Nearly 70% (67%) of 18- to-34-year-olds said they would “definitely/probably” pay $15 to stream a movie that was also being released at the same time that it was being screened in theaters, according to Hub Entertainment Research.
Even at higher prices, young moviegoers have no problem buying in: 65% said they would buy streamed movies priced at $25 (with 35% saying “probably not/definitely not,” while 57% said they would pay for movies streamed at a price of $50 (with 44% saying probably not/definitely not).
The average U.S. movie ticket price was $9.37 in the fourth quarter of 2019, according to the National Association of Theater Owners.
The data cited here come from Hub’s “Monetizing Video” study of 2,036 U.S. consumers with broadband ages 16-74, who watch at least one hour of TV per week. Data was collected in June 2020.

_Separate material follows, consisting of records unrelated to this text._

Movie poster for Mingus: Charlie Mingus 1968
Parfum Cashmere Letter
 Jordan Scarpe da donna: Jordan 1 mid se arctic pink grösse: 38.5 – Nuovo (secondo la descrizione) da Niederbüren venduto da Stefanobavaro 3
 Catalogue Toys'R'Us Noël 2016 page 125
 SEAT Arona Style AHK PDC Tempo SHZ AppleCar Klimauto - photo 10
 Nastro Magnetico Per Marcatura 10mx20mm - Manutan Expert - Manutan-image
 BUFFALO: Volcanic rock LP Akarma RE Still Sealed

This study comes at the same time that movie studios have adjusted or postponed plans to release movies in theaters, and instead have aired films through streaming at-home services. This includes the recent release of the big Broadway musical “Hamilton” on Disney+ this past weekend.
Hub says consumers ages 18-34 also gave a score of 70% or higher in terms of “excellent/good value” for streamers including Netflix, Hulu, Disney+, and Amazon Prime.
Traditional pay TV services -- cable, satellite, and telco -- only scored 42%.